I had been intending to write an entire series of posts about our corporate switch to Linux on the Desktop. To date, I wrote only one introducing the project and our reasons for switching from Windows. That was back in April.
Today I’d like to start talking about it all some more.
We have standardized on Gnome for our desktops. Given the Windows background of our user base, it was pretty much a given that we would have to use either Gnome or KDE. Something like fvwm or a non-integrated environment just wouldn’t be a good option.
We evaluated both Gnome and KDE. The very “clean” appearance of Gnome was a nice thing for us. KDE seemed to be to “chatty”, talked about entering in audiocd:/ when it shouldn’t have needed to, and generally violated the KISS and principle of least surprise too often. That said, I continue to run KDE for my personal desktop because Gnome just doesn’t have the flexibility that KDE does. It is too bad that Gnome has gone on this remove functionality kick, and KDE hasn’t gotten the KISS religion yet.
Anyway, Gnome worked well for the most part. We have set some defaults in gconf for things like panel icons. We also set a few mandatory defaults. I fixed a couple of bugs in the vfs system related to nfs4 support, which manifested themselves as icons for files newly saved to the desktop never showing up.
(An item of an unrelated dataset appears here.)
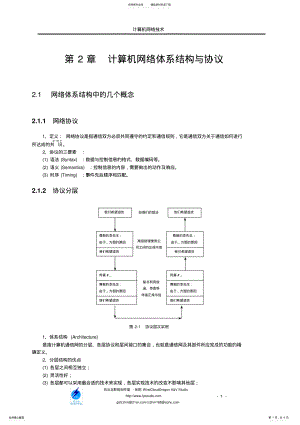 2022年2022年计算机网络体系结构 .pdf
We wanted to present a customized menu to people based on what their job function is. That is, we are using a single system image, so all apps will be installed on all machines. But we didn’t want people to have to see a ton of software that they don’t use. That was easily enough accomplished for custom apps by creating desktop files with mode 0640 and setting the group to the set of people that should see the program on their menu. We removed a few stock programs (such as the terminal) from the menu as well, using dpkg-statoverride. That was also quite easily done. However, I will say that the entire Gnome XDG menu thing is woefully under-documented.
We use Firefox for the standard web browser. It is integrated well enough with Gnome and we have no problems there, aside from sites that are IE-only. We solve that with a Windows terminal server, which I’ll discuss later.
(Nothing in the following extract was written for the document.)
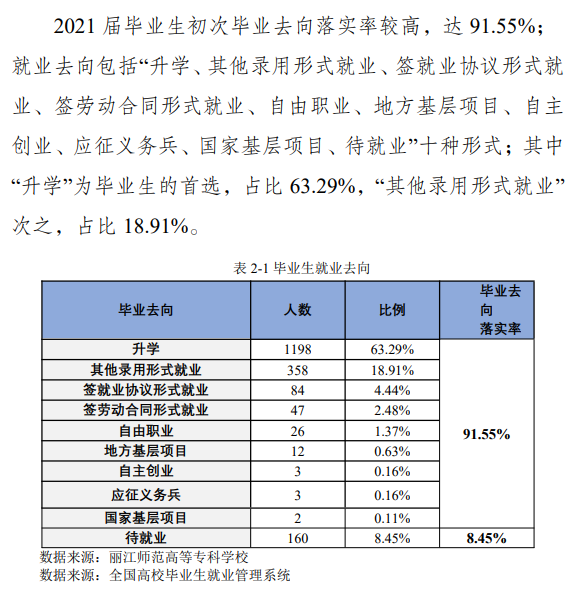 丽江师范学院就业率及就业前景怎么样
Our network printing was already based on Cups. The individual machines are set up as Cups clients only, which works fine. We did find, however, that gnome-cups-manager automatically installs a tray monitor for cups. This monitor puts little printer icons on the tray when printers are in use. Unfortunately, it figures out which printers are in use by polling the server, and it is turned on by default out of the box, with no good way to disable it short of dpkg-statoverriding it to 0000. You can imagine that hundreds of users times dozens of printers times numerous polls per minute created quite the load on the server. This was a really braindead design and the people that wrote it should have known better. It is also quite useless to have icons coming on for all the printers on the network, which on some networks could be thousands, and not even on the same continent as the user.
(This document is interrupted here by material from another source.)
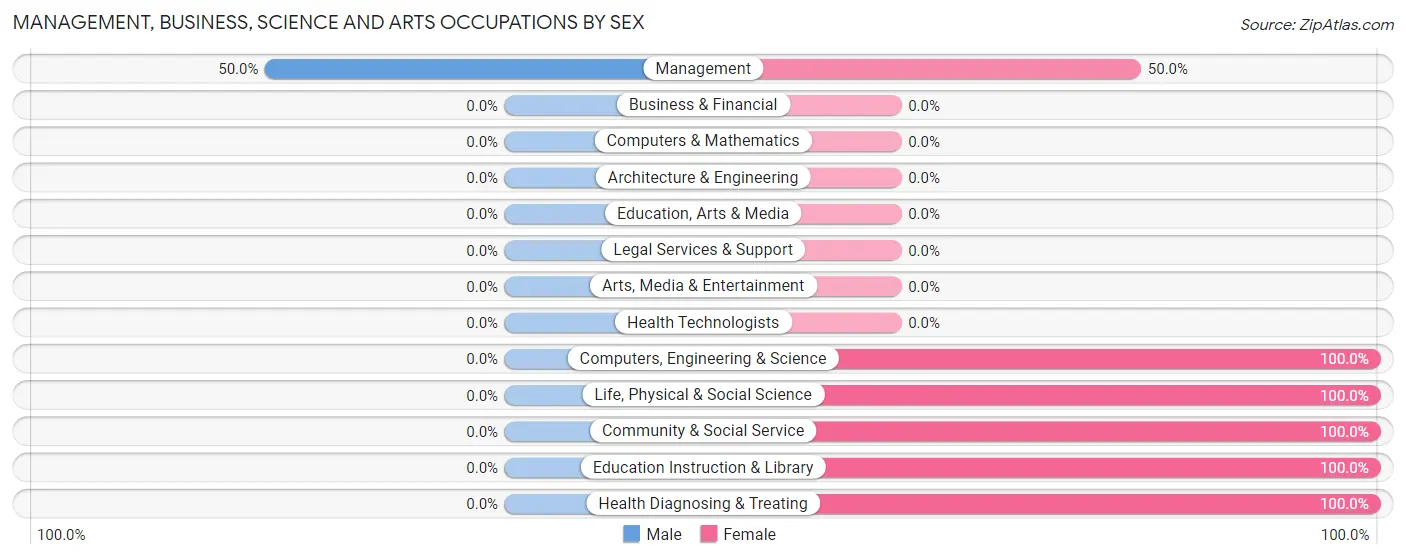 Management, Business, Science and Arts Occupations by Sex in Zip Code 62940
Printing is generally a bit iffy in Gnome. They seem to be transitioning between about 3 different printing toolkits, all of which have different print dialog boxes with different supported features and different ways of selecting printers. One chief annoyance is that the print box in evince (the document/PDF viewer) does not let people access printer-specific features such as hole punching and stapling. So we installed gtklp and xpdf for people. The people that print heavy PDFs are huge fans of gtklp these days; it’s a nicer solution than we had in Windows. Nobody really likes evince. We also have had some trouble with evince generating PostScript output that some printers can’t grok. It sounds like all this should be much better in newer versions of Gnome, which if true, would be welcome news.
The Gnome screenshot tool makes it easy to save off a screenshot to a file, or to drag it into an email, but it is difficult to print it (you have to save it first). That was a common complaint around here, so I wrote a little wrapper around xwd and gtklp for printing screenshots. People really like that because gtklp gives them lots of options about orientation and size of the image if they want it, or a simple “Print” button to click if they don’t care. We set a gconf default to bind this to Ctrl-PrintScr and it works well. KDE’s screenshot tool is much more capable, and if we were using KDE, we wouldn’t have had any problem with screenshots.
The bottom line on Gnome is that we, and are users, are happy with it after we’ve made these customizations. But we have had to do more customization that we should have. I still think that Gnome has been better for our users than KDE, but I do wonder how long we’ll be able to survive with our “no KDE libraries” policy, as people want ksnapshot, kolour, etc.